A tribute to the elders

I am indebted to a string of professors, supervisors, colleagues, and mentors that have profoundly shaped my academic and professional career. I was fortunate enough to enter the field as an undergrad because my university had a specific social work program that included a clinical field practicum. I adored my professors, all with a wealth of experience offering direct care in a variety of settings or facilitating research. I was inspired by the team of experienced and mostly older, licensed social workers within my practicum site, which was a psychiatric inpatient and community-based program for people needing pretty comprehensive care. Though I worked with my own clients in the program (hoarding, Trichotillomania, Borderline Personality Disorder, developmental disabilities), my graduate school practicum allowed me to dive deeper into more formal individual and group psychotherapy with a caseload of clients struggling with very complex needs.

Upon graduation, I worked within a gifted circle of professionals that provided me with licensure supervision as well as rich mentorship that created the foundation I draw upon today. As the years passed, I continued to work alongside talented colleagues providing major influence to me. In more recent years, I’ve received consultation from professionals that I consider truly OG (original gangsters) of both the addiction and trauma and dissociation fields. I have similar feelings toward the yoga, meditation, and spiritual teachers I’ve been luckily enough to learn from.  

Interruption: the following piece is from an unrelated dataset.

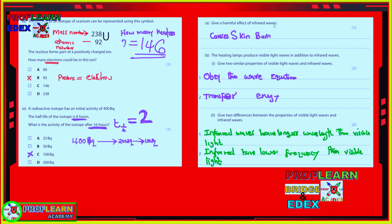Regarding the harmful effects of different electromagnetic waves: microwaves cause internal heating of body tissues. X-rays and gamma rays cause cancer. Infrared waves cause burns to the skin. What also mattered most in this exam is understanding the similarities between electromagnetic waves — specifically between visible light and infrared waves.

When we lean into healthy guidance and support by others that came before, we feel empowered and more skillful. We trust the safety net enough to venture into uncharted territory and take risks. I’ve cultivated such rich experiences in my career because I had a secure base to return to, checking-in with my internal process and receiving feedback. This is reflective of the power of secure attachment in attachment theory research. We only develop a healthy sense of autonomy and confidence when there is proximity to a consistent and safe attachment figure. Therefore, it feels very curious to me when the importance of staying tethered to our field’s leaders is discounted.

I don’t always feel connected to the typical private practice psychotherapy community because it’s often comprised of people my age or younger. The strong entrepreneurial spirit is inspiring! And while that serves a need for me, I also have a fondness toward older psychotherapists that enrich my experience and bring forth their own good medicine. One of my mentors is still seeing clients in her late 70’s and the other retired a couple years ago. The OGs in our field often don’t have flashy websites. They place less emphasis on marketing, assigning reasonable costs to their services or billing insurance to help maintain the longevity of the therapeutic relationship through increasing access to care. They see themselves less as business owners and more as psychotherapists or social workers doing their life’s work. Often, even if they own a private practice, they are still working within teams and active in professional associations or serving on boards. Living in accordance to their values and fostering collaboration is more important than self-promotion. Sure, there are evolving aspects of our field that these folks aren’t quite as hip to, but their wisdom is what I cherish more than anything, specifically as that quality of presence becomes more rare.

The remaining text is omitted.